A larger bore moves more fluid, yes, but also lower pressure in lines, so less braking for a given press effort when all is working right . Reason for my interest , is getting manual brakes with disc to work, on F , requires small piston, other changes (pedal arm ratio) , nothing to do with this situation, but-------- what you are dealing with, on CC of fluid to work disc , and pedal travel with or without valve is very good information. I would add that 5 psi valve to front discs. (wilwood) Sometimes it is in certain masters already, but very confusing. The 67 master may have also had that (XXX) Mopar stock valve with a wire on frame , what it really does has been banged around a lot, (why XXX) but I believe mostly it shuts off either front or back lines if one bursts (not a proportioning valve!_) which lights a red brake light. Centering that so light is off can be a dog. There may be differing versions on this A,B E and truck body frame valve , but many other cars do not have it at all and not sure it has anything to do with keeping pads out, but often , “pressure valve “ or “proportioning” is attributed to it. Not on the one I got into. Maybe some a or e body have anti return at 5 psi for discs in the master. (Disc/drum from factory) And some kinds of discs may not need it..different brake suppliers across those years. And drum / drum common. But two valves in line should still be OK , doing same thing….important thing is to keep disc pads somewhat out?
Hope this info helps. Report back any info you learn?

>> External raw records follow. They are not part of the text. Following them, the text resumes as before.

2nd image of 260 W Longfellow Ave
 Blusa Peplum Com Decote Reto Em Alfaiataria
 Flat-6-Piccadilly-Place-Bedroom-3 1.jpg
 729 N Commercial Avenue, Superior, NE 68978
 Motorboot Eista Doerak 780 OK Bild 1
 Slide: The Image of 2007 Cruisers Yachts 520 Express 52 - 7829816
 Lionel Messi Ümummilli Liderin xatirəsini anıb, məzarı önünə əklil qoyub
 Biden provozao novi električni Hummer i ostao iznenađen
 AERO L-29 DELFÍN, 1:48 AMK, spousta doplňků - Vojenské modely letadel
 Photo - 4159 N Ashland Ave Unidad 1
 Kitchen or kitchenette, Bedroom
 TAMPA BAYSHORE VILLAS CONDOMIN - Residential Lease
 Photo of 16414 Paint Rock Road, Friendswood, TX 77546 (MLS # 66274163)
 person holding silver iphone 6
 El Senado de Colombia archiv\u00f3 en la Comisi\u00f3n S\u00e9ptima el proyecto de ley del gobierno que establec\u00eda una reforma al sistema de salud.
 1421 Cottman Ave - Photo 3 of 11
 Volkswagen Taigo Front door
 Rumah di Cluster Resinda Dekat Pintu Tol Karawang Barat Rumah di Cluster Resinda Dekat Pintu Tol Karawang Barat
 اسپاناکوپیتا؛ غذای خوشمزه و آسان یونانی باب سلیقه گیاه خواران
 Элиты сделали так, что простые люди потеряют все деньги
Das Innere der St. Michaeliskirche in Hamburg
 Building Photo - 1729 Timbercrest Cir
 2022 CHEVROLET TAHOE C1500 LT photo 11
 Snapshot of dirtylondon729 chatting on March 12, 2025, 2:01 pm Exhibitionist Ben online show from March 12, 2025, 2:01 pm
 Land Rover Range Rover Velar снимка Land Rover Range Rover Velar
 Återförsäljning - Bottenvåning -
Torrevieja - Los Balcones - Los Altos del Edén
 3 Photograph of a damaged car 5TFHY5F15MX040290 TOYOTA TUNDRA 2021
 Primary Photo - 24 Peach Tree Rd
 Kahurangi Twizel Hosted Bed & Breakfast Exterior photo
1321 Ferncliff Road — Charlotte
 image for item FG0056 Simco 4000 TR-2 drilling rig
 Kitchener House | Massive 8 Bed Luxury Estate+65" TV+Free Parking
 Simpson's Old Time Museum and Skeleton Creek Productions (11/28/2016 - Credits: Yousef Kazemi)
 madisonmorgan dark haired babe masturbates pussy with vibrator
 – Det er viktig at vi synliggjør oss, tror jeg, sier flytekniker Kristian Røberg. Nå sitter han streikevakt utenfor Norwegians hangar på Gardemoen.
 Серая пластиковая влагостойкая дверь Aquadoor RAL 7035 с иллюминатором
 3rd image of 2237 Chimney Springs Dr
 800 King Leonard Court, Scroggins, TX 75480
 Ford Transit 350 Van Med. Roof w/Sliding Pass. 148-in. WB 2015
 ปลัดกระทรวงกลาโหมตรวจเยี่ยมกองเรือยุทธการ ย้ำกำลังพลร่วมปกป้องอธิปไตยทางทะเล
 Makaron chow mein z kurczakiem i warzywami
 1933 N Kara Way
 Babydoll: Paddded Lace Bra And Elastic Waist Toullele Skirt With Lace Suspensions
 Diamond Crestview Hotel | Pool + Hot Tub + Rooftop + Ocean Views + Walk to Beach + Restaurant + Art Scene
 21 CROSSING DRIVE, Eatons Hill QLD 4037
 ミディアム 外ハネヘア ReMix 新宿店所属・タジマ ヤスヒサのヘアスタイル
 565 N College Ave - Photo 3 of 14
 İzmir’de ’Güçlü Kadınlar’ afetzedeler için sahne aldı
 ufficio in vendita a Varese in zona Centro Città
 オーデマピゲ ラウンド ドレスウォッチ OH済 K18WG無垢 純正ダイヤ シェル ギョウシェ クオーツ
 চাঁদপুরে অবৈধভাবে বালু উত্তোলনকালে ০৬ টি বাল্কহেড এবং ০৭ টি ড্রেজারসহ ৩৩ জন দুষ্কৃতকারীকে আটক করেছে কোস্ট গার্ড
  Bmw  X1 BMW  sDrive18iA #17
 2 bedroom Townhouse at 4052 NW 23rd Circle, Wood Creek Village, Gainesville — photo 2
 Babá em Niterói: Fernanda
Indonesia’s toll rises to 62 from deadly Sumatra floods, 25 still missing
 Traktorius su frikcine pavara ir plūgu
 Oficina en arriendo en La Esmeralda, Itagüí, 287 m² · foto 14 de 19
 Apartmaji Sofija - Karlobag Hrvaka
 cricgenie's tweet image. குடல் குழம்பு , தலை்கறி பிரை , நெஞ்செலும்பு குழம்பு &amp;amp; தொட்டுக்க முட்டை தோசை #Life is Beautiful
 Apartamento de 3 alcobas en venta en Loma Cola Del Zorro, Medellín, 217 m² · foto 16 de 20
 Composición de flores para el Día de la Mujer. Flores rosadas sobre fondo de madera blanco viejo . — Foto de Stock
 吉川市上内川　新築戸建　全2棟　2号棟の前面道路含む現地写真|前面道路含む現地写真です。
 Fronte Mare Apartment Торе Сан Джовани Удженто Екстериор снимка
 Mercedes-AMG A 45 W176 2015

I do have a car with both anti return valves, outside the master, manual brakes, Mustang disc / Ford drum (Studebaker with hemi) has corvette master which is a big bore. But light car; it works ok. Stude pedal ratio an unknown, so do not read a lot into that. .
I finally found some info on that frame valve in a 78 or 79 Dodge light truck book, which has a cross section of what is in it. metal bar slides front to back, closing off any opening with a high flow, or PSI difference front to back, is all I could see. With PSI the same on both ends it will not move, just sits there. Any sliding of the rod either way grounds the wire on it (notch in middle) . On the truck anyway. I only get into that as it can be a red herring confusing master cylinder use. . Lots of stories. . What looks like a pin to center it sticking out is not!!
As far as hard pedal with car vacuum off, that is just manual unboosted brakes you are feeling , but with a totally wrong pedal ratio, so takes two feet plus, to stop. Should not impact any of above except boost helps press more when vacuum is there..as it should. Is stopping action good, even with low pedal ?
Last if by chance silicon brake fluid, getting air out once in, is beyond belief hard. Never get air in ,in first place, is only real answer ,when pouring . never ever shake. Takes six months to sit before gone.
Let us know how you do and pedal travels?
Hi all, I have done the AAJ conversion to disc brakes with Chrysler discs, Chevy Monte Carlo calipers and MC 67-70 E-body etc. and proportion valve as recommended on my G.
-76 Monte Carlo and have a single 3" piston (7.07 sq in. area) I could believe that this should require a larger bore then from what I have found out could be on my MC, on the other side I understand that this combo is used frequently without issues.
Could it be that I have a model of MC with a residual valve should? / Could it be removed on this MC?